Charles Harrison et Paul Wood Art en théorie, 1900-1990 (Hazan).
« Garder le silence et renoncer à prendre la parole équivaut à abdiquer toute responsabilité » : prononcés par Richard Serra dans sa conférence de Yale en 1989, ces mots sont aussi les derniers d’une anthologie grosse de 1 279 pages entièrement consacrée à cent ans de débats sur l’art. Ils concluent un siècle de prise de parole, et donc de prise de responsabilité, un siècle traversé par Duchamp, John Cage, Adorno, Le Corbusier, Bacon et bien d’autres. Résultat : ce livre est énorme, moins par son poids d’ailleurs que par son importance. Il est la quintessence d’un xxème siècle où les débats sur l’art rencontrent sans cesse l’Histoire : on y trouve Lénine controversant en 1920 sur la notion de culture prolétarienne ou Trotski reconnaissant une certaine autonomie de l’art. Mais on y lit aussi l’allocation prononcée par Hitler lors de l’inauguration de l’expo consacrée en 1937 au « véritable art allemand ». Livre d’érudition peut-être, mais surtout guide pratique où se trouvent enfin rassemblés des textes fondamentaux, Art en théorie est donc avant tout un outil pour la compréhension de l’art moderne et contemporain. Son intelligence consiste d’ailleurs dans le fait qu’il ne s’agit pas seulement de théories sur l’art, mais également de textes susceptibles d’avoir influencé en profondeur les pratiques artistiques : sans cela, que viendrait faire ici Jacques Lacan et son fameux « stade du miroir comme formateur de la fonction du Je » ? Mais voilà, comme nous le rappelle fort justement l’introduction du chapitre v (p. 611) : « peu d’idées se sont révélées plus fécondes, pour les représentations ultérieures de la subjectivité humaine ». Où l’on voit la théorie non seulement parler des oeuvres, mais participer également à leur construction, à leur évolution.

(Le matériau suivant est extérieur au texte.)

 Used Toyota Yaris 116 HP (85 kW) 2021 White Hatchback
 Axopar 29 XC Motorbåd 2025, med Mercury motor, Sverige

Fragments d’un long discours théorique : dans le même temps, cette encyclopédie restreinte donne à voir les transformations du vocabulaire critique, la fabrication d’outils conceptuels spécifiques, et enregistre malgré la présence d’Apollinaire, Artaud, Tzara ou Beckett un effacement progressif de la parole littéraire. Peut-être faut-il en chercher la solution chez Roland Barthes : « la théorie du Texte ne peut coïncider qu’avec une pratique de l’écriture ». Mais cette osmose rêvée semble aujourd’hui bel et bien défaite, et c’est plutôt la scission du théorique et du littéraire qui s’impose dans la majorité des cas. Art en théorie nous raconte la formation d’une langue critique, avec ses idiomes et ses automatismes, et son divorce d’avec l’écriture.